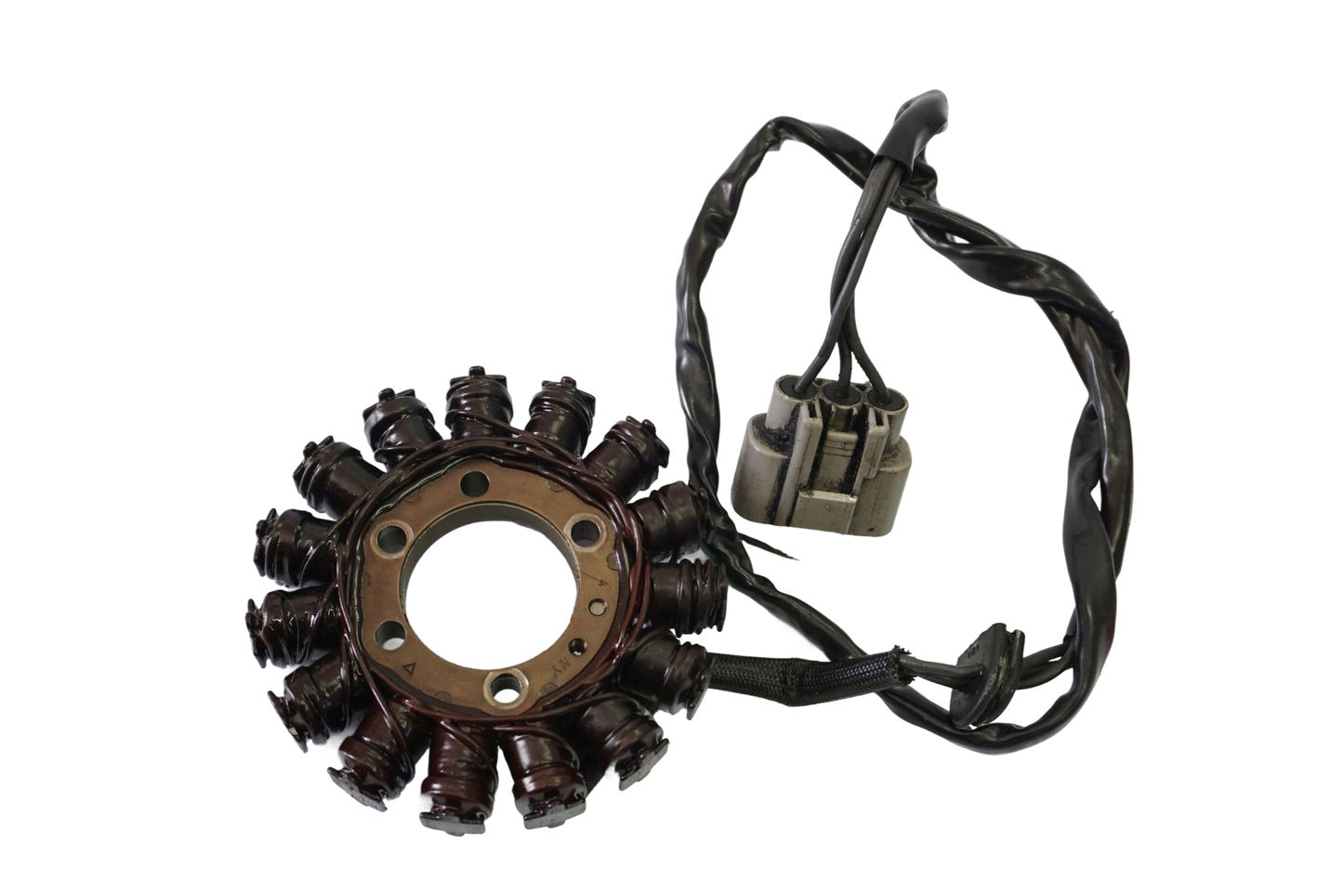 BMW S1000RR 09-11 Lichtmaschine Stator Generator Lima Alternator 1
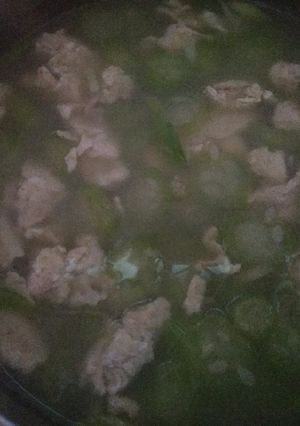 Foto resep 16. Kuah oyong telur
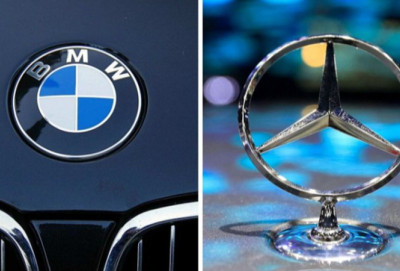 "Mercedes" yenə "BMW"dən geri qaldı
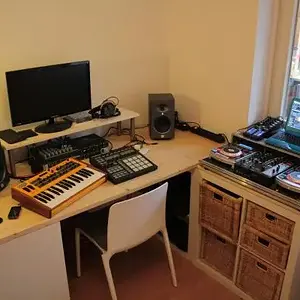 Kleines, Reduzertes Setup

==================================================

> [Exercise objective] Ignoring the pictures, write out word for word the lines from the line containing "Foto resep 16. Kuah oyong telur" through the end of the material above.

> [Written solution]
 Foto resep 16. Kuah oyong telur
 "Mercedes" yenə "BMW"dən geri qaldı
 Kleines, Reduzertes Setup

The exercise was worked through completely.